I really do feel sorry for dyspeptics when I read a thing like that. I am not heartless. It must be a sad thing not to be able to eat lobster and ice-cream together, and to have to say "No" to broiled mushrooms, and not to dare to eat Welsh-rarebits after the theatre, and to have to lock up your chafing-dish. But I do say this: unless a man can talk of his trouble as cleverly as Carlyle—and some of the choice dyspeptics I know can almost do that—I want them not to talk at all. If they suffer, let them do it in silence. If they die, let them die entertainingly, or else, I say, don't die in public.

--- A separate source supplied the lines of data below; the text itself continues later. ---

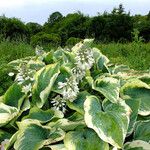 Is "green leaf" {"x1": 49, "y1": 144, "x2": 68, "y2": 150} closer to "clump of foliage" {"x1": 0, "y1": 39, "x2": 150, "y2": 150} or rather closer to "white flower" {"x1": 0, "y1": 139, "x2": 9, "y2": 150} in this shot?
"clump of foliage" {"x1": 0, "y1": 39, "x2": 150, "y2": 150}

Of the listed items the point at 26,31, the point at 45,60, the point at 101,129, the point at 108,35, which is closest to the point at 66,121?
the point at 101,129

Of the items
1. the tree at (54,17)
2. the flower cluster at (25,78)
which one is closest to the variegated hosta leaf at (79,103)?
the flower cluster at (25,78)

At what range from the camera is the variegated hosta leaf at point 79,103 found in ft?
11.2

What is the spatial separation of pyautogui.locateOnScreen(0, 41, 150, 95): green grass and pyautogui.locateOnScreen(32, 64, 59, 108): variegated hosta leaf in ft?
3.59

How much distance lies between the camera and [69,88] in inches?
133

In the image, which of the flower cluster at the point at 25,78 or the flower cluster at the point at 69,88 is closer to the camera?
the flower cluster at the point at 69,88

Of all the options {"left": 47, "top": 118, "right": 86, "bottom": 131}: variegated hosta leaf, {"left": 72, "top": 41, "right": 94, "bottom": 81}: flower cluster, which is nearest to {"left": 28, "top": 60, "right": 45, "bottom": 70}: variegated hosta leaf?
{"left": 72, "top": 41, "right": 94, "bottom": 81}: flower cluster

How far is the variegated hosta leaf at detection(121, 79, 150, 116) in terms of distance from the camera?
3621 mm

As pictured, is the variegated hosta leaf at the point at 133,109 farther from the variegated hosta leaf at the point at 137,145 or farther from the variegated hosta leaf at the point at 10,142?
the variegated hosta leaf at the point at 10,142

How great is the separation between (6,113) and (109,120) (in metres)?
0.73

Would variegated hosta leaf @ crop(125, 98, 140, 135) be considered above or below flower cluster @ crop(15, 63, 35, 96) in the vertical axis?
below

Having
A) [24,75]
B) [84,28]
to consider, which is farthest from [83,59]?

I never see a dyspeptic with his little pair of silver scales on the table, weighing out two ounces of meat, or one ounce of bread, and looking like a death's-head at a feast, and talking like a grave-digger with Yorick's skull for a theme, that I do not think of this:
"Fantastic tricks enough man has played in his time; has fancied himself to be most things, even down to an animated heap of glass; but to fancy himself a dead iron balance for weighing pains and pleasures on was reserved for this, his latter era."
THE TOO-ACCURATE MAN
Women often complain that men in society will not return measure for measure in conversation, but stalk about dumb and unanswering, leaving women gasping from the fatigue of entertaining them.